Schwarzschild and Newton potential

1. Jun 22, 2010

Passionflower

Expressing the Schwarzschild in the Weyl form allows one to use the Newton potential. The Newton potential here is, perhaps surprisingly, equivalent with a rod of length 2M and mass M. Also the rod is exactly positioned where r = 2M. Furthermore if we decrease the length of the rod to the solution of a point mass, the solution is no longer spherically symmetric.

What, if anything, do you think is the significance of all this?

Fair question: Does the Schwarzschild solution refer to a removed rod or to a removed point mass?

Last edited: Jun 22, 2010
2. Jun 23, 2010

Altabeh

Wait a minute, what do you mean by "Weyl form" here?

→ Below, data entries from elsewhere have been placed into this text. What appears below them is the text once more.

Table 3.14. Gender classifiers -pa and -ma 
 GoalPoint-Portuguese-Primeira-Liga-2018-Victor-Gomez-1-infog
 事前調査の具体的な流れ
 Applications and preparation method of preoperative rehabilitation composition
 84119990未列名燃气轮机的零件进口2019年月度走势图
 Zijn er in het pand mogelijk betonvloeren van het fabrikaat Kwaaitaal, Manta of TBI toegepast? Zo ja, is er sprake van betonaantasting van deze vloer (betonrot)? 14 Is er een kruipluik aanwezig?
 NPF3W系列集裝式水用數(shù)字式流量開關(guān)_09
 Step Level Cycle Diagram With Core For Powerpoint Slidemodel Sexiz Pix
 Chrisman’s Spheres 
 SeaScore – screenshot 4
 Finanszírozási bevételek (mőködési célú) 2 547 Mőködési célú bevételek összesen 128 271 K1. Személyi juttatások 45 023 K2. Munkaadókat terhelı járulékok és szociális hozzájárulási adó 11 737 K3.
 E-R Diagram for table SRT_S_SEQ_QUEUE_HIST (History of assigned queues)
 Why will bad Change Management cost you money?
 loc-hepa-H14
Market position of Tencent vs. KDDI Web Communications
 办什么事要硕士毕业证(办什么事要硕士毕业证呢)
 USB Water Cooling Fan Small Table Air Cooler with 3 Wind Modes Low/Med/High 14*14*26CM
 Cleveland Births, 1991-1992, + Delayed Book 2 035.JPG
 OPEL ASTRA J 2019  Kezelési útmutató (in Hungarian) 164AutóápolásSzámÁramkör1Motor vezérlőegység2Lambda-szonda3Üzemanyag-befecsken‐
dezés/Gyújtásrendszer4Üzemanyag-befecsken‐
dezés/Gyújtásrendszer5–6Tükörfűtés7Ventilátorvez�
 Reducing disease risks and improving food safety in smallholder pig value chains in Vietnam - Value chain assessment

And then how was the above image of the Newtonian potential in this "form" given?

AB

3. Jun 24, 2010

Mentz114

Do you have a reference I can look at ? One way of putting a Schwarzschild black hole into a Weyl vacuum is discussed in this paper, arXiv:gr-qc/0502062v1, but their $\psi$ ( equation 8) doesn't look like a Newtonian potential.

Last edited: Jun 24, 2010
4. Sep 16, 2011

Passionflower

5. Sep 17, 2011

Bill_K

This is a well-known result, but no, I don't think there's any significance to it.

6. Sep 17, 2011

TrickyDicky

The significance, if any is that since nothing can be physically a rod and a point at the same time that would make r=2m a physical singularity. So I would take Bill's advice and ignore it.

7. Sep 17, 2011

Passionflower

Ignoring things that can both be interesting and educational?

Looks like this forum is going downhill.